Butterflies have a one-century grace period in Ixbiliada.

A Point of Divergence in 1081 is just this side of plausible for the survival of al-Andalus (at least in its native form, rather than as an extension of a Berber empire.) It also has some unfortunate side effects, like butterflying a number of recognizable names out of existence - St. Dominic, Averroes, the Rambam, you get the idea - and by rights this should make the world completely unrecognizable. (Which is especially serious because it means that the more important works of the Convivencia period - the Mishneh Torah, the Guide to the Perplexed, the Incoherence of the Incoherence, etc. - can't be assumed.)

My rule of thumb is, thus, that (within Iberia itself, at least) there's a 100-year grace period in which intellectually important people can still be born. Everybody else has a (100-years from PoD)% chance of being butterflied away, unless there's reasons to make that chance lower sooner.

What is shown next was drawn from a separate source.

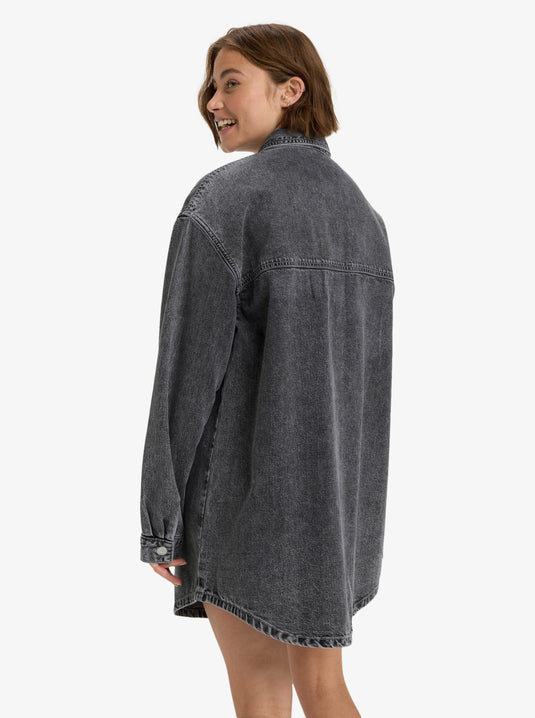 Roxy Womens' Tidal Moon Denim Long Sleeve Mini Shirtdress Mid Grey ERJDD03009-KPH0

It's worth noting, though, that the changes are going to start earlier; even if Fame Equals Birth, it doesn't equal an exactly identical history. I'm going to gloss these changes because this is an alternate history, not a character study; ibn Bajjah's entire life is going to be colored by the Aragonese conquest of Zaragoza around the time he was born, but is that going to change the nature of his writing? Probably not.

Once I get out of the Middle Ages, all bets are off.